Friday, August 5

Just call me the "Leftover Food Lady"

So, over the weekend, I made several batches of foodstuffs. The mister was incredibly helpful by peeling and shredding 1,001 carrots so that I'd have large amounts at the ready for my recipes.  In my Whole Grain Goodness post, I talked about making quinoa and how the grain can be adapted for many different flavors.  I cooked more than 4 cups of the stuff and left some of it plain in the refrigerator for later batches. 

The mister sometimes accuses me of making enough dinner for three people--enough for the two of us to enjoy, and then a batch for me to enjoy the next day at my desk.  I am very guilty of doing this. ☺  
Leftovers for Lunch

Well, I made such a large batch of my Mexican-inspired quinoa, that I had plenty leftover for lunches.  I brought this dish with me twice this week. And, I confirmed that it had a nice extra "kick" with the addition of Cholula Chipotle hot sauce.

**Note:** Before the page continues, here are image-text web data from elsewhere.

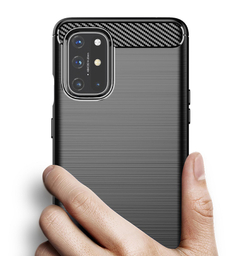Чехол черного цвета для OnePlus 8T, серии Carbon (в стиле карбон) от Caseport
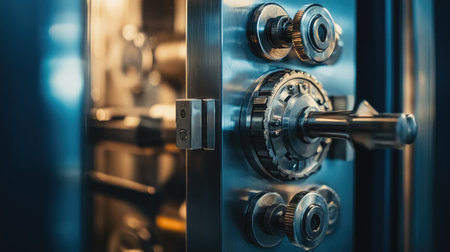 A close-up of a high-security bank vault door, showcasing its robust design and heavy-duty locks.の素材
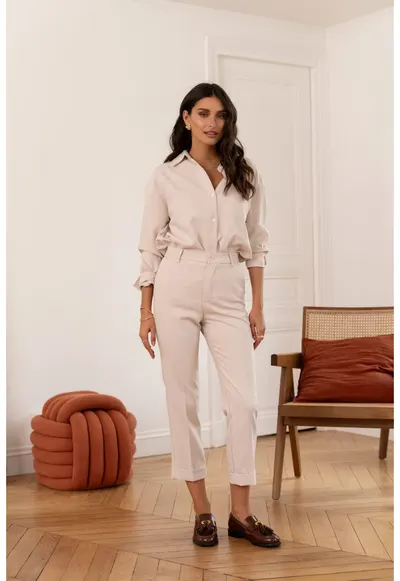 Pantaloni bej tip Cigarette - C2031BG 16691 - Bej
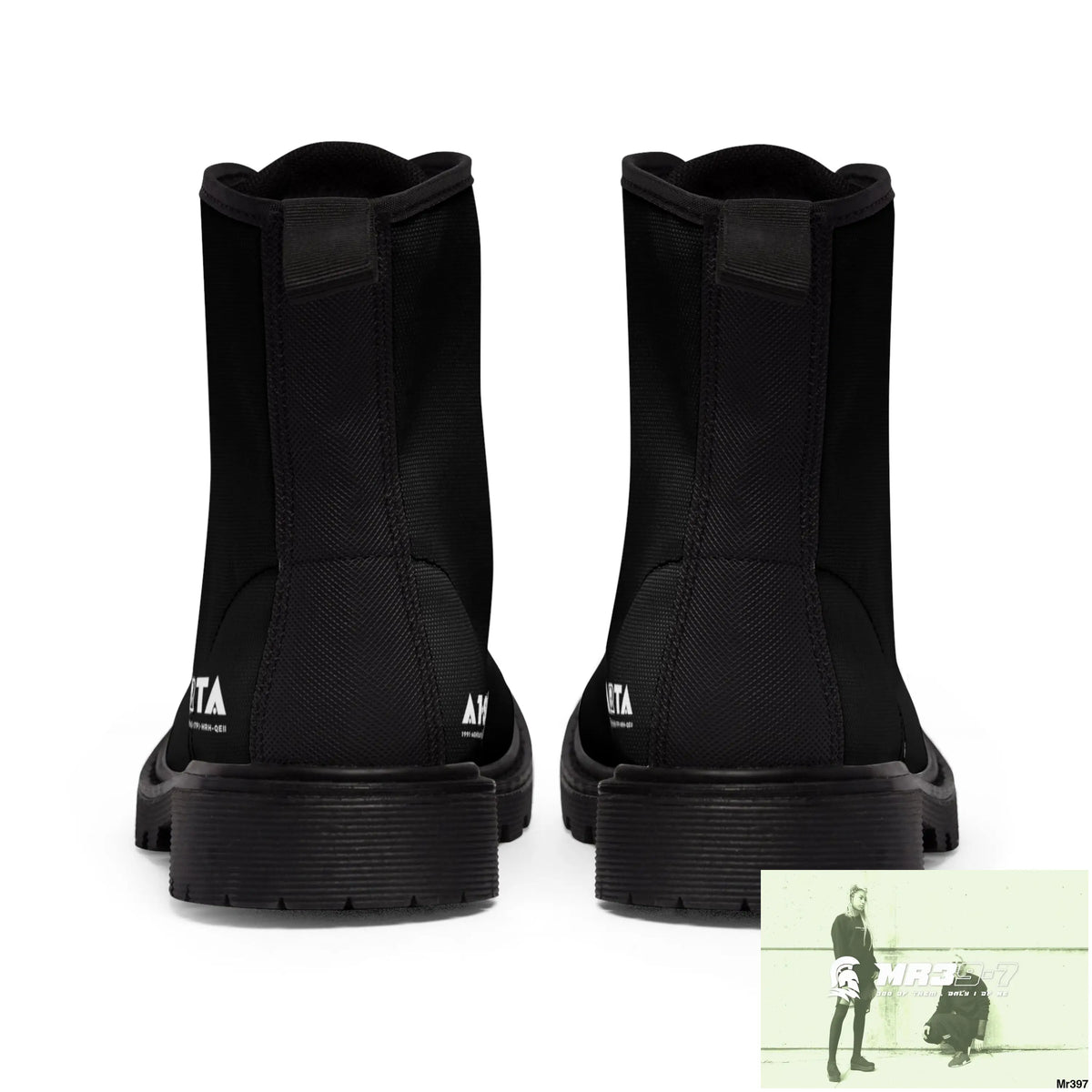 A1-Peace Sparta Black Canvas Boots AOP Shoes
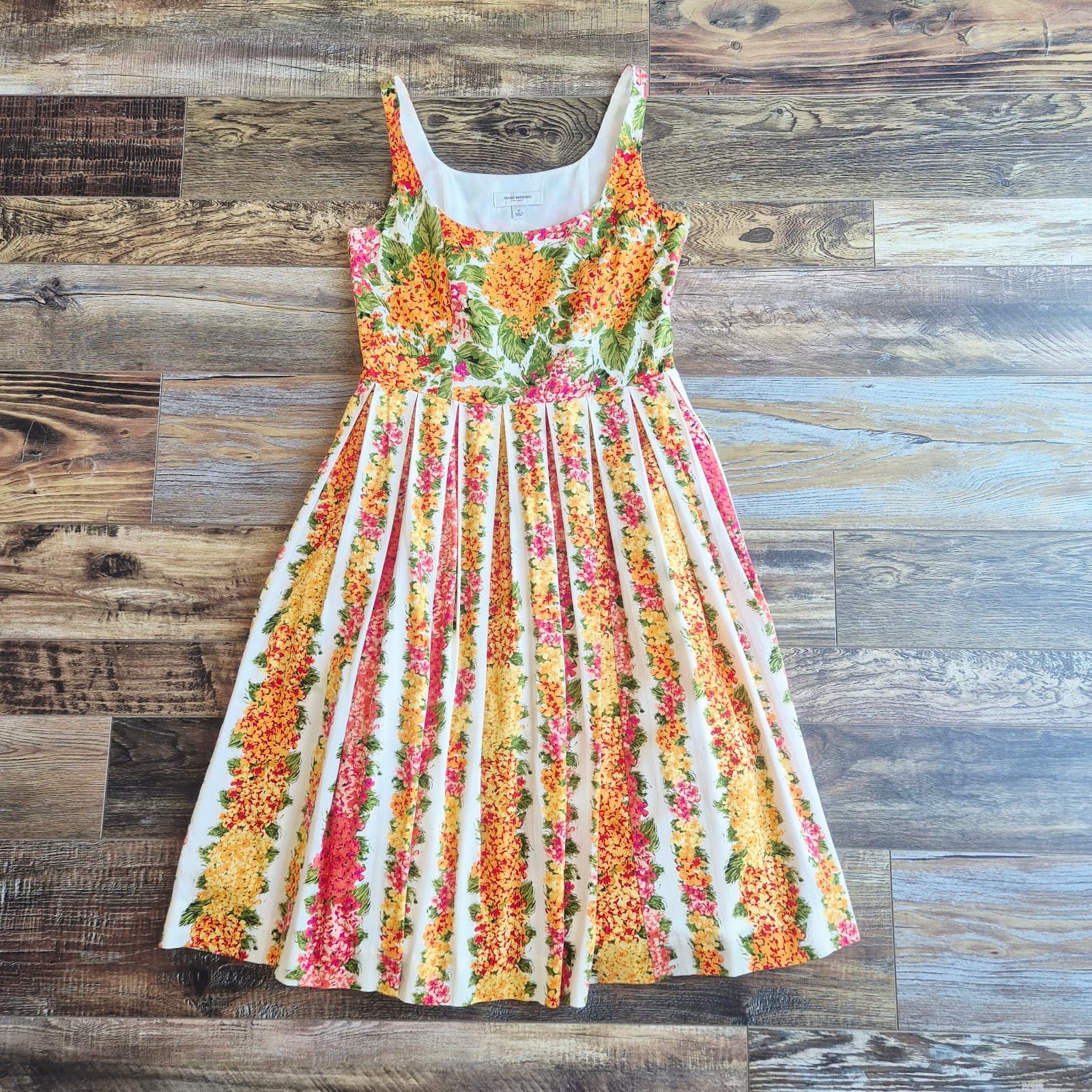 ISAAC MIARAHI Target 50's Retro Floral Fit-Flare Pleated Midi Dress Pocket Sz.10 - Thumbnail 9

Here's the recipe for the Mexican-inspired quinoa:
Ingredients:
  • 2 - 3 cups cooked organic quinoa
  • 1 can of organic black beans, drained and rinsed
  • 3 - 4 scallions, cut very small
  • 1 cup of shredded carrots (thanks to the mister!)
  • 1/2 cup fresh corn
  • 2 cups cherry tomatoes, cut in half
  • fresh parsley and cilantro
  • dressing ingredients: canola oil, juice from 1/2 a lime, lime zest, ancho chili powder, honey and the requisite garlic powder, salt and pepper

Combine all ingredients, dress with about 1/3 cup of the dressing. The longer you let the flavors marinate, the better. You can also add goat cheese just before serving for another layer of flavor.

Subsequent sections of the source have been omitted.